Monday, July 23, 2012
June 27-July 2, 1955: More from Davy Crockett
From the Wikipedia entry on "Coonskin Cap" (accessed 7/23/2012):
"In the 20th century, the iconic association was in large part due to Disney's television program Disneyland and the first three "Davy Crockett" episodes starring Fess Parker. In the episodes, which once again made Crockett into one of the most popular men in the country, the frontier hero was portrayed wearing a coonskin cap. The show spawned several Disneyland Davy Crockett sequels as well as other similar shows and movies, with many of them featuring Parker as the lead actor. Parker went on to star in a Daniel Boone television series (1964-1970), again wearing a coonskin cap.
"Crockett's new popularity initiated a fad among boys all over the United States as well as a Davy Crockett craze in the United Kingdom. The look of the cap that was marketed to young boys was typically simplified; it was usually a faux fur lined skull cap with a raccoon tail attached. A variation was marketed to young girls as the Polly Crockett hat. It was similar in style to the boys' cap, including the long tail, but was made of all-white fur (faux or possibly rabbit). At the peak of the fad, coonskin caps sold at a rate of 5,000 caps a day.[4] By the end of the 1950s, Crockett's popularity waned and the fad slowly died out. The fad is recalled by numerous cultural references, such as the wearing of coonskin caps as part of The Junior Woodchucks uniform in Disney's Donald Duck comics."

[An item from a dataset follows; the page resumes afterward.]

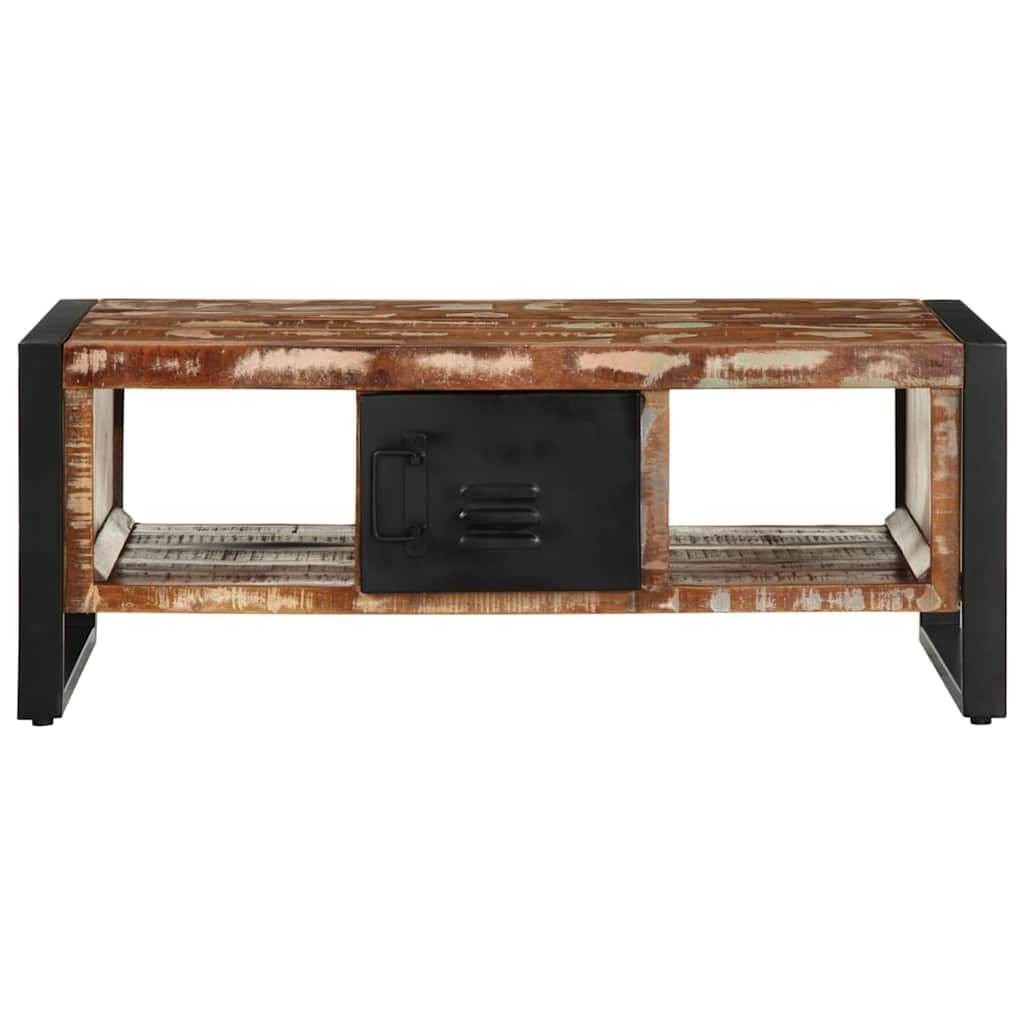Stolik kawowy wielokolorowy drewniany stolik kawowy uchwyt do przechowywania, stabilna szafka pomocnicza 90 x 50 x 36 cm lite drewno z recyklingu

Peanuts was never above making, and making fun of, pop cultural references. The caps feature in this and the next four strips, making for one of Peanuts' earliest sequences.
June 28:
Another version of the previously-described "everybody or everything" style of joke, where the humor comes from watching an animal doing something in a human style. These jokes would lose their impact as Snoopy became humanized.
June 29:
I like Schulz's approach to drawing these caps, which is just different enough from Peanuts' normal art style to add punch to the joke.
June 30:
Good use of motion lines here, it is easy to picture Snoopy's motion in your head. This strip would probably be funnier it it cale before the June 28 strip, which already used the dog-wearing-cap sight gag.
And so Davy Crockett caps leave the strip. But probably not for long.
July 1:
Well, the Davy Crockett fad lasted a good while but it did eventually peter out. Those Davy Crockett shows were kind of like the Star Wars of the age. I don't know myself where that will end, but I hope it comes along soon.
July 2:
I recognize the name Willie Mays, but I guess Duke Snider's name didn't echo across the cultural landscape in the same way.
Sunday, June 3, 2012
June 6-11, 1955: Great Composers of the American West
A running theme in Peanuts in the early days is Charlie Brown being dismayed at some obviously false notion one of his friends has come up with, and their refusal to see sense regardless of all other matters. Up until now it's been Lucy who's been Chuck's opponent in this, but sometimes Schroeder sneaks in there as well in his uncritical idolization of Ludwig Van Beethoven. Later on a variety of other characters fill this role, and their notions take on differing levels of actuality. The most-remembered example of this, of course, is Linus' fixation on the Great Pumpkin, which became one of the trademarks of the strip.
June 7
The humor in this sequence comes not just from Charlie Brown's reaction, but the incongruity of seeing a fur hat on the head of Schroeder's bust.
June 8
Sometimes Peanuts' comedy is kind of like a mathematical formula that could be solved for a number of different variables. Character personalities, and cultural signifiers like Beethoven and Davy Crockett, are what realize the jokes.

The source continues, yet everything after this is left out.